DISKLINE – A maioria desses fatos do passado, entretanto, serve
apenas para contextualizar como foi montado o esquema de arrecadação da
IURD (como ocorreram antes de 1998, são considerados fatos atípicos,
pois não podem ser punidos pela lei de lavagem, inserida no ordenamento
brasileiro naquele ano) e foram apenas mencionados genericamente na
declaração de Abrão. Somente recentemente o MPF pode elucidar um dos
mecanismos de remessa de doações de fiéis ao exterior, que ocorreu entre
1993 e 2005 por meio da Diskline Câmbio e Turismo Ltda, sediada em São
Paulo e com filial no Rio.

Os três antigos sócios da Diskline são réus em uma ação penal de evasão
de divisas e outros delitos e descreveram em detalhes as operações que
realizaram com a IURD. Entre 1991 e 1993, quando as testemunhas eram
sócios da IC Câmbio e Turismo, as transações eram feitas
exclusivamente no Rio. A partir de 1993, as transações passaram a ser
feitas pela Diskline, no Rio e em São Paulo.

Segundo os depoimentos dos doleiros, o enorme volume de cédulas
arrecadado era levado às casas de câmbio em veículos da IURD, protegidos
por seguranças armados da Igreja. As notas, segundo um dos depoentes,
vinham em sacolas e muitas estavam “amassadas, rasgadas, coladas com
durex, suadas e rabiscadas”, um dinheiro classificado como
“sofrido” por um desses operadores de câmbio.

Os valores deviam ser contados e conferidos na presença de um pastor da
IURD. Cofres eram alugados em agências de banco vizinhas às casas de
câmbio, para facilitar o esquema de segurança durante a contagem do
dinheiro. Em algumas ocasiões, o dinheiro era transferido de um veículo
para outro em estacionamentos dos templos da IURD.
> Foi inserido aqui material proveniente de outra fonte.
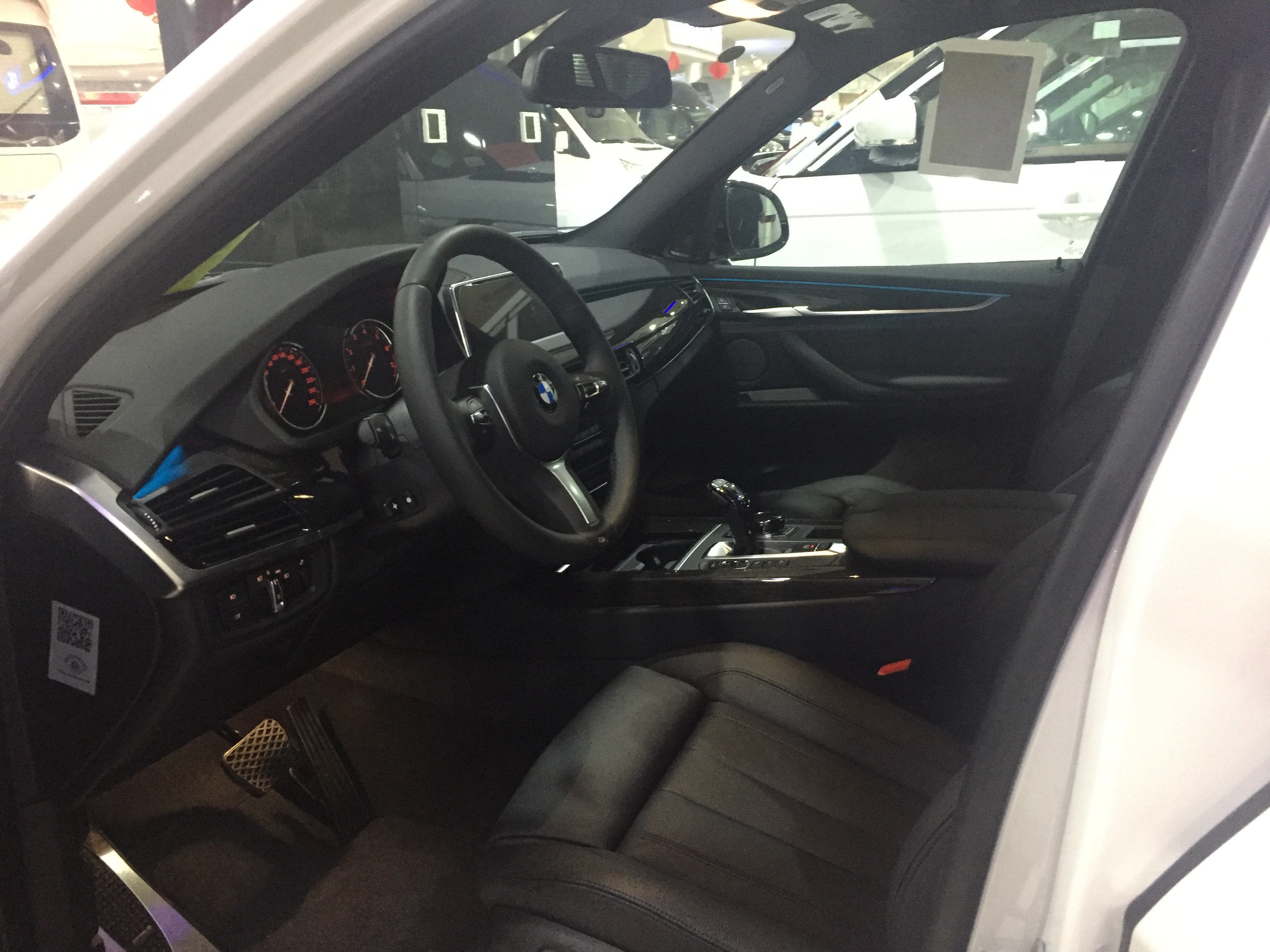 贵宾购车咨询热线:185-2293-2678 谭经理(同微信) 65916d1837c42870.jpg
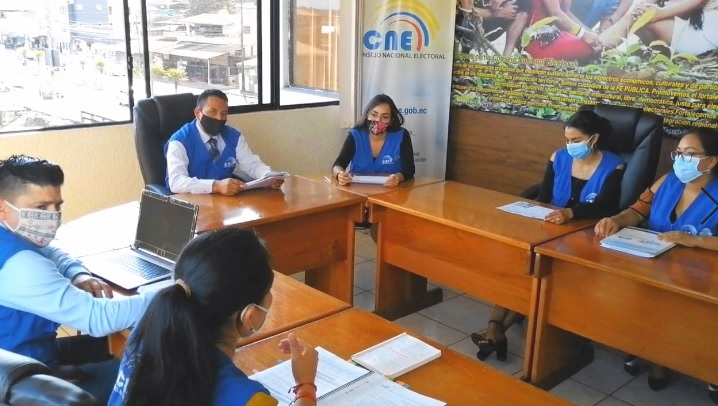 (Ecuador) Culminó el plazo para entrega de documentos de inscripción de candidaturas para los comicios de 2021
Em 1997, um dos sócios da Diskline diz ter Estado em Nova York com o
bispo Edir Macedo e este teria lhe pedido pessoalmente que estudasse
outras formas de realizar operações estruturadas para remeter valores ao
Exterior para que as operações tivessem “ar de legitimidade”. O
bispo também teria mencionado que a Igreja pensava em abrir um banco no
exterior.

Entre o final de 1997 e o início de 1998, uma das sócias da Diskline
assumiu a área operacional em São Paulo e recebia orientações de Alba
Maria, que se apresentava como diretora do Banco de Crédito
Metropolitano (posteriormente Credinvest), empresas do grupo IURD. As
ordens de câmbio e de remessas para o exterior também partiam de Paulo
Roberto.

Segundo a denúncia, dirigidos por Edir Macedo, o presidente nacional da
Igreja, João Batista, Alba e Paulo Roberto, definiram e orientaram as
remessas ilícitas para as contas correntes da IURD no exterior, que
receberam milhões de reais arrecadados junto aos fiéis da Igreja entre
1999 e 2005. As contas ficam em cinco bancos estrangeiros, todos
localizados em Nova York.

CRIMES – O MPF denunciou Edir Macedo, Alba Maria Silva da Costa, João
Batista Ramos da Silva e Paulo Roberto Gomes da Conceição pelo crime de
quadrilha para a prática de crimes de estelionato, falsidade ideológica,
evasão de divisas e lavagem de dinheiro, na forma de organização
criminosa, conforme previsto na Convenção de Palermo, ratificada pelo
Brasil em 2004.

Os quatro são acusados de duas modalidades de evasão de divisas: na
qualidade de administradores da IURD, por manterem as contas no Exterior
sem declará-las às autoridades, e por promoverem a saída do dinheiro do
Brasil para o Exterior.

Ao fazerem modificações nos contratos sociais das empresas que foram
fiscalizadas pela Diretoria Executiva da Administração Tributária, da
Fazenda Estadual Paulista, conforme apurado pelo Ministério Público
Estadual, de forma diversa da registrada na Junta Comercial de São
Paulo, para ocultar sócios dos empreendimentos, os quatro são acusados
de falsidade ideológica.

O estelionato praticado contra os fiéis da Igreja é o crime antecedente
da lavagem de dinheiro. A lavagem ocorria por dois meios: através das
remessas realizadas ao exterior pela Diskline e pela realização de
operações comerciais e financeiras no Brasil usando a Cremo
Empreendimentos Ltda como empresa de fachada.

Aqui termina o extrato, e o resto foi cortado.